At the present time it is estimated that out of an aggregate yearly
yield of 185,000 seals from all parts of the globe, over 130,000, or
more than two-thirds, are obtained from the rookeries on the
American and Russian
[Page 1830]
islands in Behring Sea. Of the remainder, the larger part are taken
in Behring Sea, although such taking, at least on such a scale, in
that quarter is a comparatively recent thing. But if the killing of
the fur seal there with fire-arms, nets, and other destructive
implements were permitted, hunters would abandon other and exhausted
places of pursuit for the more productive field of Behring Sea,
where extermination of this valuable animal would also rapidly
ensue.
It is manifestly for the interests of all nations that so deplorable
a thing should not be allowed to occur. As has already been stated,
on the Pribyloff Islands this Government strictly limits the number
of seals that may be killed under its own lease to an American
company; and citizens of the United States have, during the past
year, been arrested and ten American vessels seized for killing fur
seals in Behring Sea.
England, however, has an especially great interest in this matter, in
addition to that which she must feel in preventing the extermination
of an animal which contributes so much to the gain and comfort of
her people. Nearly all undressed fur-seal skins are sent to London,
where they are dressed and dyed for the market, and where many of
them are sold. It is stated that at least 10,000 people in that city
find profitable employment in this work; far more than the total
number of people engaged in hunting the fur seal in every part of
the world. At the Pribyloff Islands it is believed that there are
not more than 400 persons so engaged; at Commander Islands, not more
than 300; in the Northwest coast fishery, not more than 525 Indian
hunters and 100 whites; and in the Cape Horn fishery, not more than
400 persons, of whom perhaps 300 are Chilians. Great Britain,
therefore, in co-operating with the United States to prevent the
destruction of fur seals in Behring Sea would also be perpetuating
an extensive and valuable industry in which her own citizens have
the most lucrative share.
I inclose for your information copy of a memorandum on the fur-seal
fisheries of the world, prepared by Mr. A. Howard Clark, in response
to a request made by this Department to the U. S. Fish Commissioner.
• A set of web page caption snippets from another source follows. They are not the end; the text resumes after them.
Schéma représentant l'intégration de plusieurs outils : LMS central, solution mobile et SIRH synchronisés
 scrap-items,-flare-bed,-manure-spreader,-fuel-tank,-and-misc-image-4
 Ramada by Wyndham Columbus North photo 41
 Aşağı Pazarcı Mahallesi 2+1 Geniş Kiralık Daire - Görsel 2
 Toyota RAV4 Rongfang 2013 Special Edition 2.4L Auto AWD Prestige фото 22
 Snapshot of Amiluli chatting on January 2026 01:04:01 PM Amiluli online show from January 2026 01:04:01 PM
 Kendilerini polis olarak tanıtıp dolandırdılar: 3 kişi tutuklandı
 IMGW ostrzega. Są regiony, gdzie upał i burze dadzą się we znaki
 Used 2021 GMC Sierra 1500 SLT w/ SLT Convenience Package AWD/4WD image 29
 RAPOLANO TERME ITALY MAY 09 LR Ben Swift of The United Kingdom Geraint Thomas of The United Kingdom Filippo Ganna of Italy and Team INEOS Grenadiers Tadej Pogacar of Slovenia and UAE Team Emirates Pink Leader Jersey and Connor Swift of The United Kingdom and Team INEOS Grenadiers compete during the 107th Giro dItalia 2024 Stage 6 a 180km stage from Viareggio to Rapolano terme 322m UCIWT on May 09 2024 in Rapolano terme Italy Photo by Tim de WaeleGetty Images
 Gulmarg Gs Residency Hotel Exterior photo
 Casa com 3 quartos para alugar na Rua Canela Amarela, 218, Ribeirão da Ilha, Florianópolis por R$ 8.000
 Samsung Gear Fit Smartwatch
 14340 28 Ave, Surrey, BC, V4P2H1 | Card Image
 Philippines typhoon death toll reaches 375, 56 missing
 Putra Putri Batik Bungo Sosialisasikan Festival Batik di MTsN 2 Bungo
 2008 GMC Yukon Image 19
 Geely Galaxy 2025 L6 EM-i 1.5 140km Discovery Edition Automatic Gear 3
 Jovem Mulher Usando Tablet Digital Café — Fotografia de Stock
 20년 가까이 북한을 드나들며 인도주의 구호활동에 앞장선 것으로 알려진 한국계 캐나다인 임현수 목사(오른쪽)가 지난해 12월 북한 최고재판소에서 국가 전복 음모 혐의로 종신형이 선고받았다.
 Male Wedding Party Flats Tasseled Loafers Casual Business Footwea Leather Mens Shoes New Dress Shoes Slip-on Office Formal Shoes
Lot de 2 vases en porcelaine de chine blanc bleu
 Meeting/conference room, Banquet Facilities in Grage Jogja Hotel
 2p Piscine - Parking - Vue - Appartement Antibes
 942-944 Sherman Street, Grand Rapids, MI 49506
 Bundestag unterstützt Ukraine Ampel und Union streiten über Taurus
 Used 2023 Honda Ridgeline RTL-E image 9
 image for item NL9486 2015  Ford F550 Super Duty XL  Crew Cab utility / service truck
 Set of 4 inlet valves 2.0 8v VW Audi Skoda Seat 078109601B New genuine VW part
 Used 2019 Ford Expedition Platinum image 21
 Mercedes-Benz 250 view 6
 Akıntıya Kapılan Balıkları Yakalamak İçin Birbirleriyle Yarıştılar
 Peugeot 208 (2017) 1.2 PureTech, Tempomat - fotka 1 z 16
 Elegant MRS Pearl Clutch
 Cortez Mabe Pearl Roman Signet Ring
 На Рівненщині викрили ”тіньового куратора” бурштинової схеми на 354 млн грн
I inclose also, for your further information, copy of a letter to
me, dated December 3d last, from Mr. Henry W. Elliott, who has spent
much time in Alaska, engaged in the study of seal life, upon which
he is well known as an authority. I desire to call your especial
attention to what is said by Mr. Elliott in respect to the new
method of catching the seals with nets.
As the subject of this dispatch is one of great importance and of
immediate urgency, I will ask that you give it as early attention as
possible.
I am, etc.,
[Inclosure 1 in No.
782.]
Review of the fur-seal fisheries of the
world in 1887.
[undated]
By A. Howard Clark.
In the Encyclopædia Britannica, ninth edition, the fur-seal
fisheries are credited with an annual yield of 185,000 skins, of
which 100,000 are said to be obtained from the Pribyloff
Islands, 30,000 from the Commander Islands, 15,000 from the
straits of Juan de Fuca and vicinity, 12,000 from the Lobos
Islands, 15,000 from Patagonia and outlying islands, 500 from
the Falkland Islands, 10,000 from the Cape of Good Hope and
places thereabout, and 2,500 from islands belonging to
Japan.
The above statistics were communicated by me to the author of the
article “Seal Fisheries” in the Encyclopædia and had been
carefully verified by the latest official records and by a
personal interview with Messrs. C. M. Lampson & Co., of
London,
[Page 1831]
one of the
principal fur houses of the world, and by whom most of the
annual production of fur seal-skins are placed upon the
market.
A review of the subject at this time (January, 1888) necessitates
but a slight change in the annual production and in the
apportionment to the several fisheries. Some of the fisheries
have increased while others have decreased. Taking the average
annual yield from 1880 to date, I find that the total production
is now 192,457 skins, obtained as follows:
Annual yield of fur-seal
fisheries.
|
Fur-seal skins. |
Pribyloff Islands, Behring Sea |
94,967 |
Commander Islands and Robben Reef |
41,893 |
Islands belonging to Japan |
4,000 |
British and American sealing fleets on northwest coast
of America (including catch at Cape Flattery and Behring
Sea) |
25,000 |
Lobos Islands at mouth of Rio de la Plata |
12,385 |
Cape of Good Hope, including islands in Southern
Indian Ocean |
5,500 |
Cape Horn region |
8,162 |
Falkland Islands |
550 |
Total |
192,457 |
The statistics for the Pribyloff and Commander Islands are
compiled from reports of the Alaska Commercial Company, Mr.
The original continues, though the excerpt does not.